For a messaging application that’s accustomed to seeing almost a million downloads a day in India, 200,000 daily installations is quite a fall. Reports suggest that chat platform WhatsApp experienced a precipitous 80% decline in downloads between 26 October and 3 November, over the previous nine-day period. It was on 29 October that Whatsapp announced that it had sued Israel’s NSO Group, whose eavesdropping software Pegasus exploited the application’s video calling feature to hack into users’ devices. It was after this revelation that new users apparently began shunning WhatsApp. This is understandable, as people have legitimate concerns about privacy and any breach is bound to shake their confidence.

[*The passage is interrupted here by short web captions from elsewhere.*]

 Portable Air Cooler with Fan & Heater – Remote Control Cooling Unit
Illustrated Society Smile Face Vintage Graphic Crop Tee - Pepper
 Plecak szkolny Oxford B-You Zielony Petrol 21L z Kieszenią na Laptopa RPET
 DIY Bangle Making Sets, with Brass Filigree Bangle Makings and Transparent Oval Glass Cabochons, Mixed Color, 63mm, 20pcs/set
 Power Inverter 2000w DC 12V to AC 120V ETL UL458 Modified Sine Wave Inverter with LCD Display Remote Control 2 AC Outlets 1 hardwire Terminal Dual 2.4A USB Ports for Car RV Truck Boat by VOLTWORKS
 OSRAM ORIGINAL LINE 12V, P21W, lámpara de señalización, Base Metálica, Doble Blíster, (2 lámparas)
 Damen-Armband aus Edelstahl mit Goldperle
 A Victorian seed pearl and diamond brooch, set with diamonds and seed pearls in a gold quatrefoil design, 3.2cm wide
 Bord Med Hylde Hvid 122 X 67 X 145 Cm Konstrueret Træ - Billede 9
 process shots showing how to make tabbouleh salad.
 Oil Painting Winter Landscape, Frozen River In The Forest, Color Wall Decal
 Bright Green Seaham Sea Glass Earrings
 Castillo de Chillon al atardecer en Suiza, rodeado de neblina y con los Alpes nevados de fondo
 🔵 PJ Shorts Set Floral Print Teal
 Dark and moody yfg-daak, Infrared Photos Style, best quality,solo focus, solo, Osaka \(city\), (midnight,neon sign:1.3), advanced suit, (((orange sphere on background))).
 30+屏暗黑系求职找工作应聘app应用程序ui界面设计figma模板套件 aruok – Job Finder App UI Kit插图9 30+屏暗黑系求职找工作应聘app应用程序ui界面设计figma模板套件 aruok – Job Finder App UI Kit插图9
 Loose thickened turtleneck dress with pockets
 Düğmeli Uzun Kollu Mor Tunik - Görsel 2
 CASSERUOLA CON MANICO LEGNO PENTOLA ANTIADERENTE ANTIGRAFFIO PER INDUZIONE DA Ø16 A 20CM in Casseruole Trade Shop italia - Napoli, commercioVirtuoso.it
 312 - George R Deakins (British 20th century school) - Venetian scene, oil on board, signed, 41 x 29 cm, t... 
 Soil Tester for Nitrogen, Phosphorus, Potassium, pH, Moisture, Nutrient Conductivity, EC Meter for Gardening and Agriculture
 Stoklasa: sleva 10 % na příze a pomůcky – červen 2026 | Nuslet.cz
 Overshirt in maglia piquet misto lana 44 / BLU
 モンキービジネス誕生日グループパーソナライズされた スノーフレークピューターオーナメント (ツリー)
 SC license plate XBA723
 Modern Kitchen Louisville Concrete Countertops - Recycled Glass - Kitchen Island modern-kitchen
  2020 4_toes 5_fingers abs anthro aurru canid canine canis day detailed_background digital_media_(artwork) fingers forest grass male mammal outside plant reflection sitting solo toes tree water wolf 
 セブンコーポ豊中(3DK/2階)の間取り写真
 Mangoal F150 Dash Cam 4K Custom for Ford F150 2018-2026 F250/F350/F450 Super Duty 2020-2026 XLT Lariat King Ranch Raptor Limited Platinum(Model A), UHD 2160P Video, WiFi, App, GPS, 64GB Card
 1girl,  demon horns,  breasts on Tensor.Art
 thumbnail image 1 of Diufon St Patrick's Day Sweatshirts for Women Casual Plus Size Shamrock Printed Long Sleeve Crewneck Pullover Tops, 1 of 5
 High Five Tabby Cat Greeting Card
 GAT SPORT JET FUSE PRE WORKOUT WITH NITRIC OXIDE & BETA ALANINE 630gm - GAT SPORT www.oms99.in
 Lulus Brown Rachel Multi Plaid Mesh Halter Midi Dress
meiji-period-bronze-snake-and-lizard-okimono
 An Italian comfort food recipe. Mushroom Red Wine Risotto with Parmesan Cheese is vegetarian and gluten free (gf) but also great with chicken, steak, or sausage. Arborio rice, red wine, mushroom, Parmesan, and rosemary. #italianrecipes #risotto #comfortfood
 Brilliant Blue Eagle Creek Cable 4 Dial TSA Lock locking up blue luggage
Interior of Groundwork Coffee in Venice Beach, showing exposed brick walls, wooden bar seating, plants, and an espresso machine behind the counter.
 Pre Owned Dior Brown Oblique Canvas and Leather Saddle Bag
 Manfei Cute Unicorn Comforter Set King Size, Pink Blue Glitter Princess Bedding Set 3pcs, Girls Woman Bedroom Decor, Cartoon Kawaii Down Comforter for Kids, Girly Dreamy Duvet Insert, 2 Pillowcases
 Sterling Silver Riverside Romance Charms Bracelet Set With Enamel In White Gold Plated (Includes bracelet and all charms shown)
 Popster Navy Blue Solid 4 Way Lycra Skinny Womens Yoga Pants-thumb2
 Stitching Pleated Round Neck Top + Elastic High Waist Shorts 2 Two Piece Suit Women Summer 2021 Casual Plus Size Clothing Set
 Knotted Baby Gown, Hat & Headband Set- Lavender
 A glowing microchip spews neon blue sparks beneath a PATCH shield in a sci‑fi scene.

Interestingly, WhatsApp’s rival Signal recorded major gains in India, though on a much smaller base, as did Telegram, which also saw a sudden spurt in downloads over the period under study. Signal is an open-source network, and is reportedly supported by privacy advocate Edward Snowden. Telegram is seen as relatively safe, too, though technically no app is fully secure in the modern world. End-to-end encryption of message in transit means little if a hacker can mirror a user’s phone screen. The trouble with alternative message apps, though, is that their lack of a large user base in the country—and how useful an app is usually depends on its reach.
Spyware attacks are a worry. It was the services of NSO Group that let Saudi Arabia spy on dissident Jamal Khashoggi, who was allegedly murdered in Turkey by shadowy agents of Riyadh, for example. But should Indians at large worry about being watched on WhatsApp? That’s not so clear. Of 400 million users, how many would Pegasus snoop on?